WebElement Domain
The WebElement domain is a cornerstone of Pydoll's architecture, providing a rich representation of DOM elements that allows for intuitive and powerful interactions with web page components. This domain bridges the gap between high-level automation code and the underlying DOM elements rendered by the browser.
graph TB
Client[User Code] --> Page[Page Domain]
Page --> FindElement[FindElementsMixin]
FindElement --> WebElement[WebElement Domain]
WebElement --> DOM[Browser DOM]
WebElement --> Properties[Properties & Attributes]

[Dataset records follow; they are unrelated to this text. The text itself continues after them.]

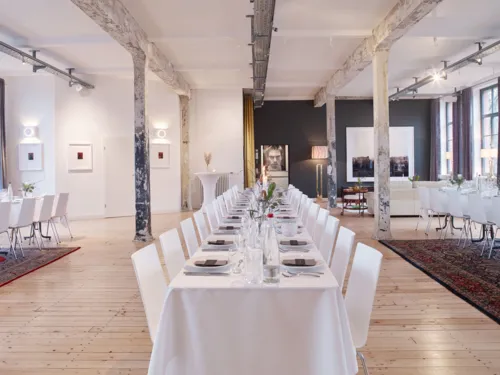 Stilvolle Eventlocation "Helmkehof" mit langen, festlich gedeckten Tischen, rustikalen S&auml;ulen und moderner Kunst an den W&auml;nden.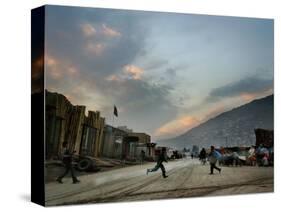 Children Run Across the Street as Spring Temperatures Return to Kabul-null-Stretched Canvas
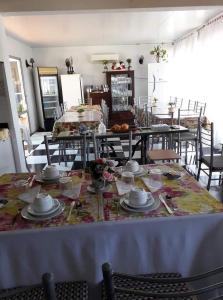 a dining room with a table with dishes on it at Hotel Bella Unión in Bella Unión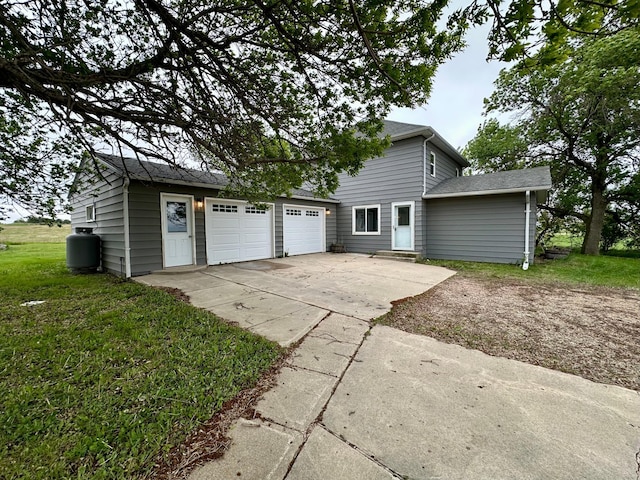 210 160th Ave, Osborne Twp, MN 56128 - view of front facade with driveway, an attached garage, a shingled roof, and a front yard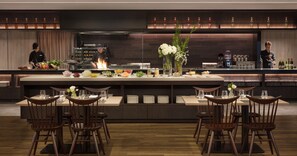 A modern restaurant with a central island, bar area, and seating arrangement. - Nanki-Shirahama Marriott Hotel (Shirahama)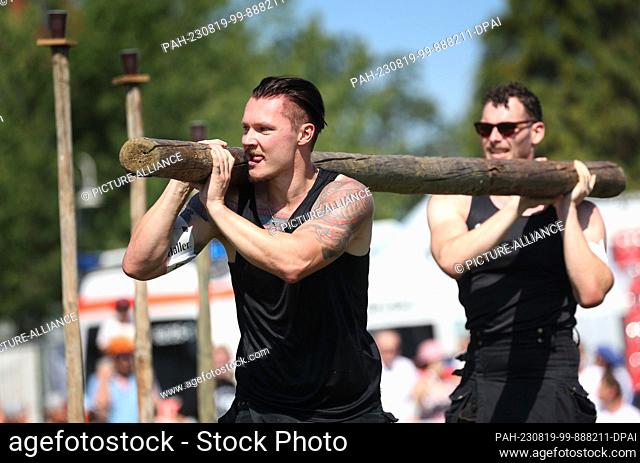 19 August 2023, Baden-Württemberg, Horgenzell: Participants of the 11th Upper Swabian Highland Games run in a slalom with a wooden pole in the discipline...
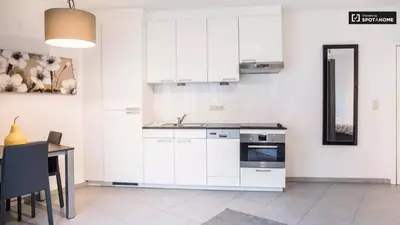 a kitchen with white cabinets and a table and a sink at Quartier des Quais Dansaert in Brussels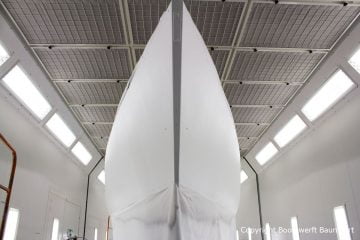 Der Rumpf der Comfortina 38 Segelyacht ist jetzt weiss grundiert in der Lackierkabine der Bootswerft Baumgart in Dortmund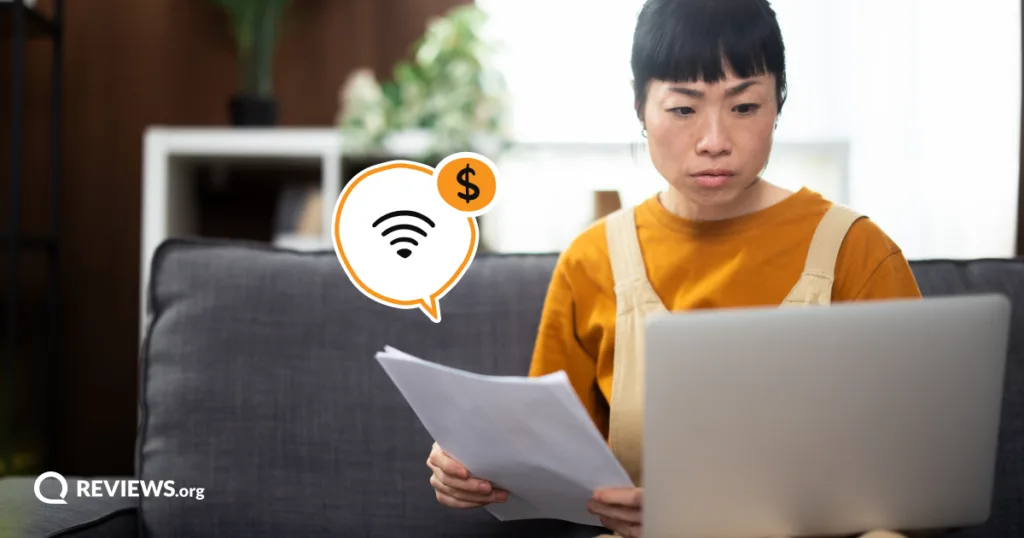 A woman frowns over a stack of bills and her laptop, weighing whether switching providers is worth the hassle to lower her monthly costs.
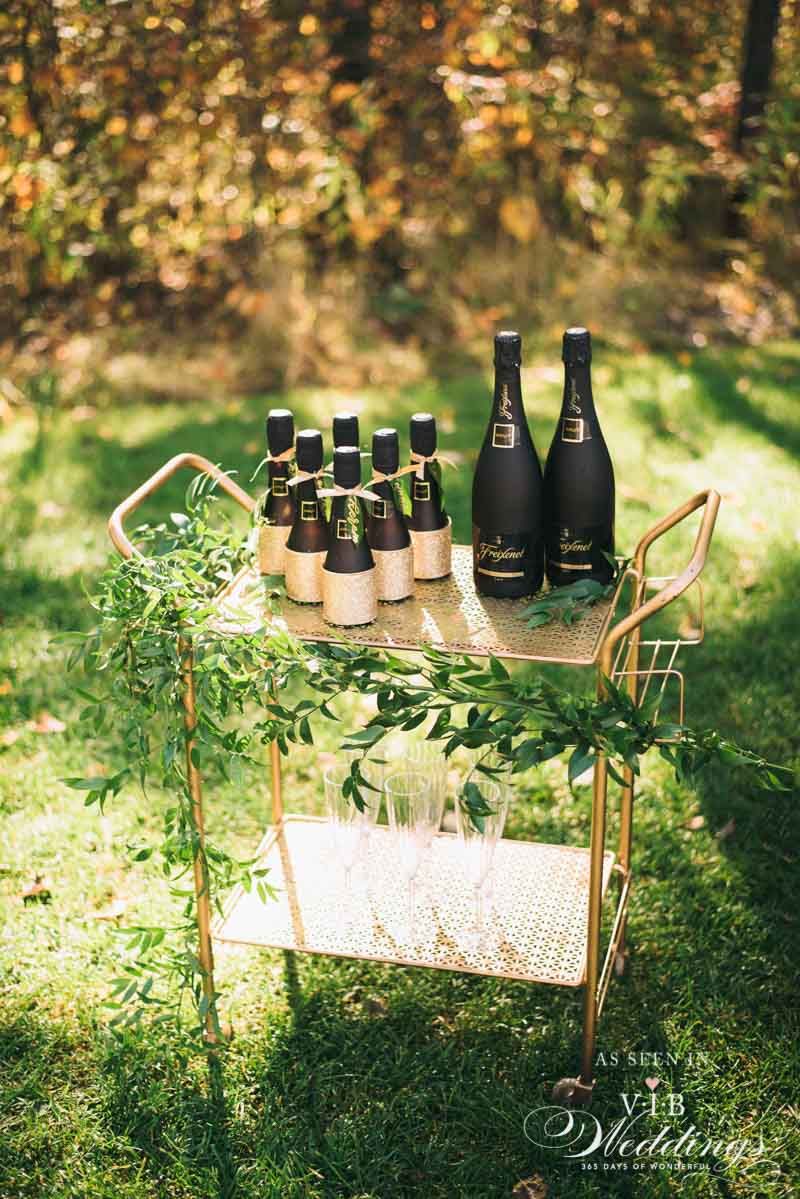 A bar cart filled with bottles of wine and glasses is sitting on top of a lush green field.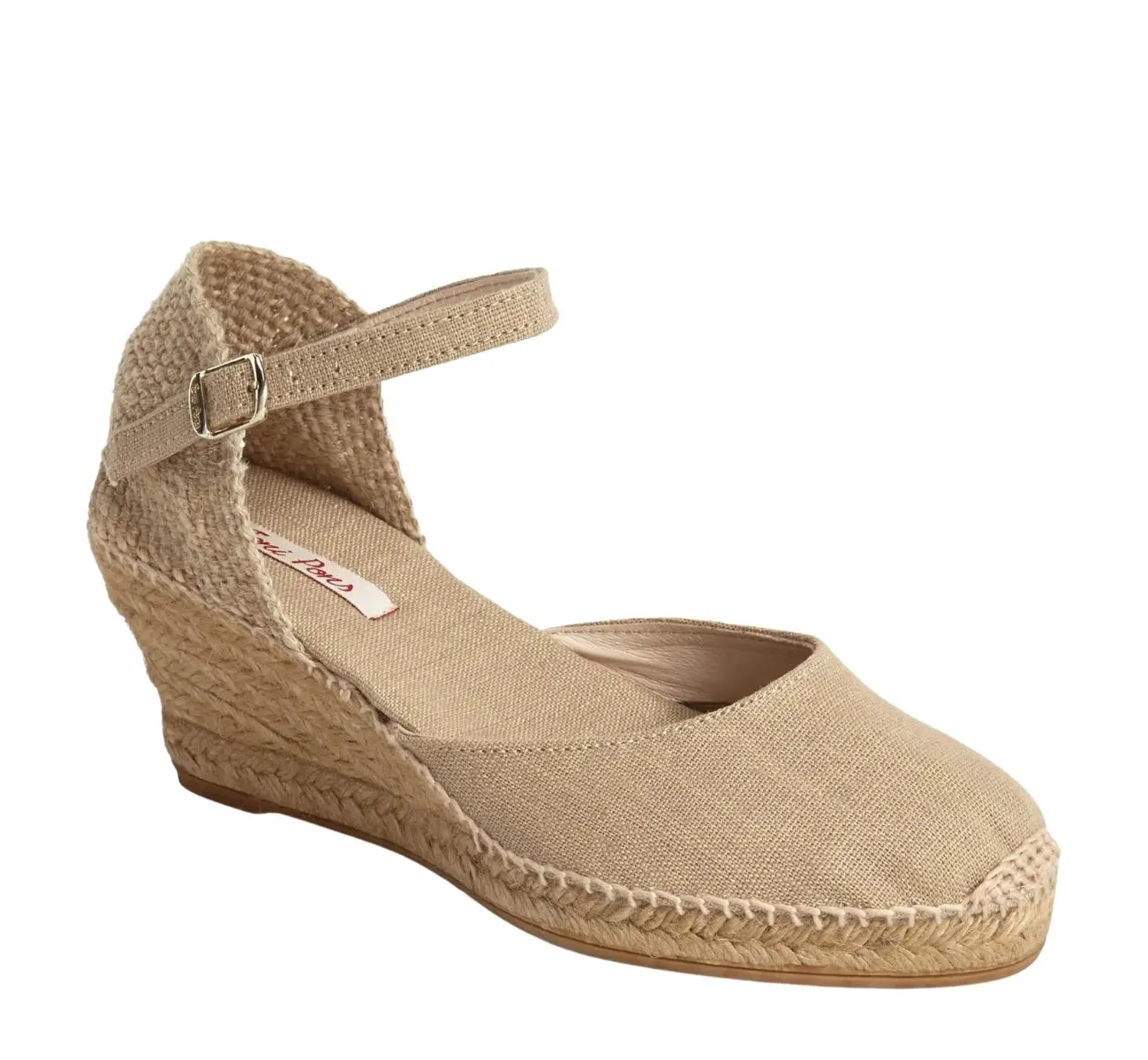 Beige closed toe fabric espadrille with ankle strap on white background.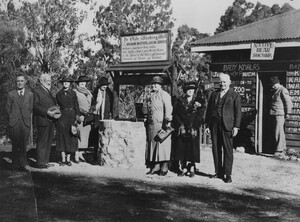 People gather around Ye Olde Wishing Well at the entrance to Lone Pine Koala Sanctuary, Fig Tree Pocket, ca. 1936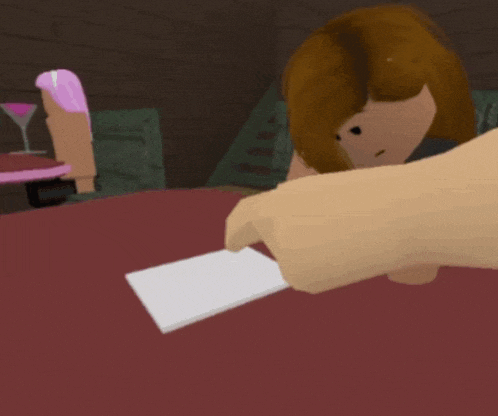 a person is holding a piece of paper in front of a woman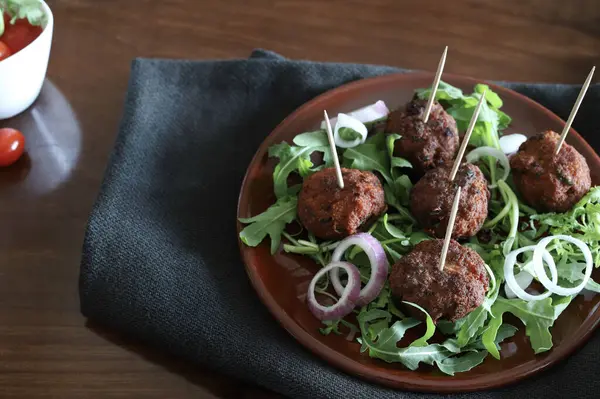 Koyu bir arka planda izole bir tabakta roket yapraklı leziz kızarmış köfteler. Yukarıdan bak. Boşluğu kopyala.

WebElement --> Interactions[User Interactions]
WebElement --> State[Element State]
WebElement --> TextOperations[Text Operations]
class WebElement stroke:#4CAF50,stroke-width:3px
Understanding WebElement
At its core, a WebElement represents a snapshot of a DOM element within a page. Unlike traditional DOM references in JavaScript, a WebElement in Pydoll is:
- Asynchronous - All interactions follow Python's async/await pattern
- Persistent - Maintains a reference to the element across page changes
- Self-contained - Encapsulates all operations possible on a DOM element
- Intelligent - Implements specialized handling for different element types
Each WebElement instance maintains several crucial pieces of information:
class WebElement(FindElementsMixin):
def __init__(
self,
object_id: str,
connection_handler: ConnectionHandler,
method: str = None,
selector: str = None,
attributes_list: list = [],
):
self._object_id = object_id
self._search_method = method
self._selector = selector
self._connection_handler = connection_handler
self._attributes = {}
self._last_input = ''
self._command_id = 0
self._def_attributes(attributes_list)
The core components include:
- The object_id
provides a remote JavaScript reference to the element
- The connection_handler
enables communication with the browser
- The _search_method
and _selector
track how the element was found
- The _attributes
dictionary stores element attributes
- The _last_input
remembers the last text input (useful for backspacing)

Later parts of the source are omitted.